• WHAT YOU WILL DO: Please write out all of the records below exactly as they appear.

------ SUPPLIED DATA ------

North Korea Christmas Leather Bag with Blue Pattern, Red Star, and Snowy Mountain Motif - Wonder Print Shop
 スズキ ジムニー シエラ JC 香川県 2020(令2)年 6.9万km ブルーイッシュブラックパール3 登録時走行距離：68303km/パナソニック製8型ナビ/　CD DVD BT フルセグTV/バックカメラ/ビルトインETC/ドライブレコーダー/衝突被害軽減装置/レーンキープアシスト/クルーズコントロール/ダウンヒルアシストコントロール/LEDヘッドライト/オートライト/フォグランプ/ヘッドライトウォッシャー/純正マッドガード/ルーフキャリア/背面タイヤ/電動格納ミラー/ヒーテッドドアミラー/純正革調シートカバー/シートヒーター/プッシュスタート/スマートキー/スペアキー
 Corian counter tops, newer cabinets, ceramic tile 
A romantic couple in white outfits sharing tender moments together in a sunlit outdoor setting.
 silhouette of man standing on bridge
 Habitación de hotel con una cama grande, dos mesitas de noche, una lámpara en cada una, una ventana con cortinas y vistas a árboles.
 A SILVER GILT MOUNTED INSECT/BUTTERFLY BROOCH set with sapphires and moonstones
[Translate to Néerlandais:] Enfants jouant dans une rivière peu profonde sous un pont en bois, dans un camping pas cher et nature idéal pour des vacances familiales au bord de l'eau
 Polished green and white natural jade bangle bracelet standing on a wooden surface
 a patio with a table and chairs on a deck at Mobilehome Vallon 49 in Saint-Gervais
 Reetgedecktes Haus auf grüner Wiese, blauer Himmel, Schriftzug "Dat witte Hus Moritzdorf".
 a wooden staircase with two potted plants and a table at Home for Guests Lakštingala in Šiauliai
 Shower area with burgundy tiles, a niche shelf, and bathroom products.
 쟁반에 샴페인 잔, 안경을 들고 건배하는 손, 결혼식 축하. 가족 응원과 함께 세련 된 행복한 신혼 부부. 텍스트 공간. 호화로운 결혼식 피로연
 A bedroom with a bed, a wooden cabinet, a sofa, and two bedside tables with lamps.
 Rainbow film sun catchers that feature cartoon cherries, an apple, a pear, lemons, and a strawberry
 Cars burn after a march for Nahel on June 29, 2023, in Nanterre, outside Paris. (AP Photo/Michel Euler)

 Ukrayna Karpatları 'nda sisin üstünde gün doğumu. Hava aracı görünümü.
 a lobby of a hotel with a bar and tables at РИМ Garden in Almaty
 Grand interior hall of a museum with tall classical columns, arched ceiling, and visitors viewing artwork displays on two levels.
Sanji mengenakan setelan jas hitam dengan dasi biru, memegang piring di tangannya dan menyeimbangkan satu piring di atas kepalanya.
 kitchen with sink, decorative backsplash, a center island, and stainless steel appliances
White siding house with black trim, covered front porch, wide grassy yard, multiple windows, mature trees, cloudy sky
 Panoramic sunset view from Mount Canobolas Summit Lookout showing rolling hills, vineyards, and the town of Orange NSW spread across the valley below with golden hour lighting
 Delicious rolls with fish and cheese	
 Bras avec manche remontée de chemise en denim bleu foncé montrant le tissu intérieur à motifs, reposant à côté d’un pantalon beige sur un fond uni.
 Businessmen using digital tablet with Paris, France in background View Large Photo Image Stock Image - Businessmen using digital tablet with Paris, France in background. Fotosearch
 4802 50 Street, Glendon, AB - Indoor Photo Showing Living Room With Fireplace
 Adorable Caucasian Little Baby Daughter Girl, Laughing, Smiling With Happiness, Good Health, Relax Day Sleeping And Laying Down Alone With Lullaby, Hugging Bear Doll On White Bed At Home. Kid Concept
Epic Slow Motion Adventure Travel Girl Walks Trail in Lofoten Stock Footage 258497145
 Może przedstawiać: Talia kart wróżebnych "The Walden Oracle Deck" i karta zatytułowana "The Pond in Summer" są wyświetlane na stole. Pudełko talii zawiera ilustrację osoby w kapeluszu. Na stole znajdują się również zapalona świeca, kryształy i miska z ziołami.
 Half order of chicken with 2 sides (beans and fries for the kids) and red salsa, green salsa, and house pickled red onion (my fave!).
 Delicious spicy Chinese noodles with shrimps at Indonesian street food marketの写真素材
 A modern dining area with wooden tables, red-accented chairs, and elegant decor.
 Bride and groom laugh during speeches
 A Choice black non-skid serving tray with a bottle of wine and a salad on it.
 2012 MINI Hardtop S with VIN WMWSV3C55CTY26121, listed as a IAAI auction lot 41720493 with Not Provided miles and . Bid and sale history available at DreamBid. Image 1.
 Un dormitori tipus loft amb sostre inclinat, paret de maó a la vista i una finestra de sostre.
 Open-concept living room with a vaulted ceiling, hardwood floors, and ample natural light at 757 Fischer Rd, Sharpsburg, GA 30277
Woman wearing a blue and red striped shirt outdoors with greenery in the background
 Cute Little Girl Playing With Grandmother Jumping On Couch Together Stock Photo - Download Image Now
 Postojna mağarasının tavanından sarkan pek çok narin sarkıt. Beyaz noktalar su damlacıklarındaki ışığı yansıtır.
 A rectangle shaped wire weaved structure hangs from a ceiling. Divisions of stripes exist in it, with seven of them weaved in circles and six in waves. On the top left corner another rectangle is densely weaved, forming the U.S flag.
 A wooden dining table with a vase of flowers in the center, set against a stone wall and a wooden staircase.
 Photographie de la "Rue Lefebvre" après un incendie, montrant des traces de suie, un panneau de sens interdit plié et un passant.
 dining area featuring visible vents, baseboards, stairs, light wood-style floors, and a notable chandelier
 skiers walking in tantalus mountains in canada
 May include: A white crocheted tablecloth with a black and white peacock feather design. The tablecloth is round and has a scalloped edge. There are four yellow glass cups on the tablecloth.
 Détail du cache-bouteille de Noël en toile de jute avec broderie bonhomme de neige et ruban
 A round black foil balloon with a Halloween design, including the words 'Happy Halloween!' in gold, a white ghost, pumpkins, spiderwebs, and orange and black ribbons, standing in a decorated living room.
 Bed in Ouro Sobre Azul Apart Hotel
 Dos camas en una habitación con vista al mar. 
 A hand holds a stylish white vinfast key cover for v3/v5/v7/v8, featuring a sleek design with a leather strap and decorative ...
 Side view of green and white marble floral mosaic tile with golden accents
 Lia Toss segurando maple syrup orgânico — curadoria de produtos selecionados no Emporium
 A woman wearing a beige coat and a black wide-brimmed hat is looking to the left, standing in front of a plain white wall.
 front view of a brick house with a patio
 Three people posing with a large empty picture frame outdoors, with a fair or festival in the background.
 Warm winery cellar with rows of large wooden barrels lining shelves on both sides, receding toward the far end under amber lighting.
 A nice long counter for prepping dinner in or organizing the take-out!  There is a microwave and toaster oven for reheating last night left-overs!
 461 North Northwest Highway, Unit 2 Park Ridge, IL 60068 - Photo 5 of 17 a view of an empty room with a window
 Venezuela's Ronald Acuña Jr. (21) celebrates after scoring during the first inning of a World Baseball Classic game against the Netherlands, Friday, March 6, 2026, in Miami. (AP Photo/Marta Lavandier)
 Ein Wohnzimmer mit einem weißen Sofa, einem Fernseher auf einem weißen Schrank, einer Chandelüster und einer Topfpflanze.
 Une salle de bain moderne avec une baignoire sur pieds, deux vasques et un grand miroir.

------

• SOLUTION:
North Korea Christmas Leather Bag with Blue Pattern, Red Star, and Snowy Mountain Motif - Wonder Print Shop
 スズキ ジムニー シエラ JC 香川県 2020(令2)年 6.9万km ブルーイッシュブラックパール3 登録時走行距離：68303km/パナソニック製8型ナビ/　CD DVD BT フルセグTV/バックカメラ/ビルトインETC/ドライブレコーダー/衝突被害軽減装置/レーンキープアシスト/クルーズコントロール/ダウンヒルアシストコントロール/LEDヘッドライト/オートライト/フォグランプ/ヘッドライトウォッシャー/純正マッドガード/ルーフキャリア/背面タイヤ/電動格納ミラー/ヒーテッドドアミラー/純正革調シートカバー/シートヒーター/プッシュスタート/スマートキー/スペアキー
 Corian counter tops, newer cabinets, ceramic tile 
A romantic couple in white outfits sharing tender moments together in a sunlit outdoor setting.
 silhouette of man standing on bridge
 Habitación de hotel con una cama grande, dos mesitas de noche, una lámpara en cada una, una ventana con cortinas y vistas a árboles.
 A SILVER GILT MOUNTED INSECT/BUTTERFLY BROOCH set with sapphires and moonstones
[Translate to Néerlandais:] Enfants jouant dans une rivière peu profonde sous un pont en bois, dans un camping pas cher et nature idéal pour des vacances familiales au bord de l'eau
 Polished green and white natural jade bangle bracelet standing on a wooden surface
 a patio with a table and chairs on a deck at Mobilehome Vallon 49 in Saint-Gervais
 Reetgedecktes Haus auf grüner Wiese, blauer Himmel, Schriftzug "Dat witte Hus Moritzdorf".
 a wooden staircase with two potted plants and a table at Home for Guests Lakštingala in Šiauliai
 Shower area with burgundy tiles, a niche shelf, and bathroom products.
 쟁반에 샴페인 잔, 안경을 들고 건배하는 손, 결혼식 축하. 가족 응원과 함께 세련 된 행복한 신혼 부부. 텍스트 공간. 호화로운 결혼식 피로연
 A bedroom with a bed, a wooden cabinet, a sofa, and two bedside tables with lamps.
 Rainbow film sun catchers that feature cartoon cherries, an apple, a pear, lemons, and a strawberry
 Cars burn after a march for Nahel on June 29, 2023, in Nanterre, outside Paris. (AP Photo/Michel Euler)

 Ukrayna Karpatları 'nda sisin üstünde gün doğumu. Hava aracı görünümü.
 a lobby of a hotel with a bar and tables at РИМ Garden in Almaty
 Grand interior hall of a museum with tall classical columns, arched ceiling, and visitors viewing artwork displays on two levels.
Sanji mengenakan setelan jas hitam dengan dasi biru, memegang piring di tangannya dan menyeimbangkan satu piring di atas kepalanya.
 kitchen with sink, decorative backsplash, a center island, and stainless steel appliances
White siding house with black trim, covered front porch, wide grassy yard, multiple windows, mature trees, cloudy sky
 Panoramic sunset view from Mount Canobolas Summit Lookout showing rolling hills, vineyards, and the town of Orange NSW spread across the valley below with golden hour lighting
 Delicious rolls with fish and cheese	
 Bras avec manche remontée de chemise en denim bleu foncé montrant le tissu intérieur à motifs, reposant à côté d’un pantalon beige sur un fond uni.
 Businessmen using digital tablet with Paris, France in background View Large Photo Image Stock Image - Businessmen using digital tablet with Paris, France in background. Fotosearch
 4802 50 Street, Glendon, AB - Indoor Photo Showing Living Room With Fireplace
 Adorable Caucasian Little Baby Daughter Girl, Laughing, Smiling With Happiness, Good Health, Relax Day Sleeping And Laying Down Alone With Lullaby, Hugging Bear Doll On White Bed At Home. Kid Concept
Epic Slow Motion Adventure Travel Girl Walks Trail in Lofoten Stock Footage 258497145
 Może przedstawiać: Talia kart wróżebnych "The Walden Oracle Deck" i karta zatytułowana "The Pond in Summer" są wyświetlane na stole. Pudełko talii zawiera ilustrację osoby w kapeluszu. Na stole znajdują się również zapalona świeca, kryształy i miska z ziołami.
 Half order of chicken with 2 sides (beans and fries for the kids) and red salsa, green salsa, and house pickled red onion (my fave!).
 Delicious spicy Chinese noodles with shrimps at Indonesian street food marketの写真素材
 A modern dining area with wooden tables, red-accented chairs, and elegant decor.
 Bride and groom laugh during speeches
 A Choice black non-skid serving tray with a bottle of wine and a salad on it.
 2012 MINI Hardtop S with VIN WMWSV3C55CTY26121, listed as a IAAI auction lot 41720493 with Not Provided miles and . Bid and sale history available at DreamBid. Image 1.
 Un dormitori tipus loft amb sostre inclinat, paret de maó a la vista i una finestra de sostre.
 Open-concept living room with a vaulted ceiling, hardwood floors, and ample natural light at 757 Fischer Rd, Sharpsburg, GA 30277
Woman wearing a blue and red striped shirt outdoors with greenery in the background
 Cute Little Girl Playing With Grandmother Jumping On Couch Together Stock Photo - Download Image Now
 Postojna mağarasının tavanından sarkan pek çok narin sarkıt. Beyaz noktalar su damlacıklarındaki ışığı yansıtır.
 A rectangle shaped wire weaved structure hangs from a ceiling. Divisions of stripes exist in it, with seven of them weaved in circles and six in waves. On the top left corner another rectangle is densely weaved, forming the U.S flag.
 A wooden dining table with a vase of flowers in the center, set against a stone wall and a wooden staircase.
 Photographie de la "Rue Lefebvre" après un incendie, montrant des traces de suie, un panneau de sens interdit plié et un passant.
 dining area featuring visible vents, baseboards, stairs, light wood-style floors, and a notable chandelier
 skiers walking in tantalus mountains in canada
 May include: A white crocheted tablecloth with a black and white peacock feather design. The tablecloth is round and has a scalloped edge. There are four yellow glass cups on the tablecloth.
 Détail du cache-bouteille de Noël en toile de jute avec broderie bonhomme de neige et ruban
 A round black foil balloon with a Halloween design, including the words 'Happy Halloween!' in gold, a white ghost, pumpkins, spiderwebs, and orange and black ribbons, standing in a decorated living room.
 Bed in Ouro Sobre Azul Apart Hotel
 Dos camas en una habitación con vista al mar. 
 A hand holds a stylish white vinfast key cover for v3/v5/v7/v8, featuring a sleek design with a leather strap and decorative ...
 Side view of green and white marble floral mosaic tile with golden accents
 Lia Toss segurando maple syrup orgânico — curadoria de produtos selecionados no Emporium
 A woman wearing a beige coat and a black wide-brimmed hat is looking to the left, standing in front of a plain white wall.
 front view of a brick house with a patio
 Three people posing with a large empty picture frame outdoors, with a fair or festival in the background.
 Warm winery cellar with rows of large wooden barrels lining shelves on both sides, receding toward the far end under amber lighting.
 A nice long counter for prepping dinner in or organizing the take-out!  There is a microwave and toaster oven for reheating last night left-overs!
 461 North Northwest Highway, Unit 2 Park Ridge, IL 60068 - Photo 5 of 17 a view of an empty room with a window
 Venezuela's Ronald Acuña Jr. (21) celebrates after scoring during the first inning of a World Baseball Classic game against the Netherlands, Friday, March 6, 2026, in Miami. (AP Photo/Marta Lavandier)
 Ein Wohnzimmer mit einem weißen Sofa, einem Fernseher auf einem weißen Schrank, einer Chandelüster und einer Topfpflanze.
 Une salle de bain moderne avec une baignoire sur pieds, deux vasques et un grand miroir.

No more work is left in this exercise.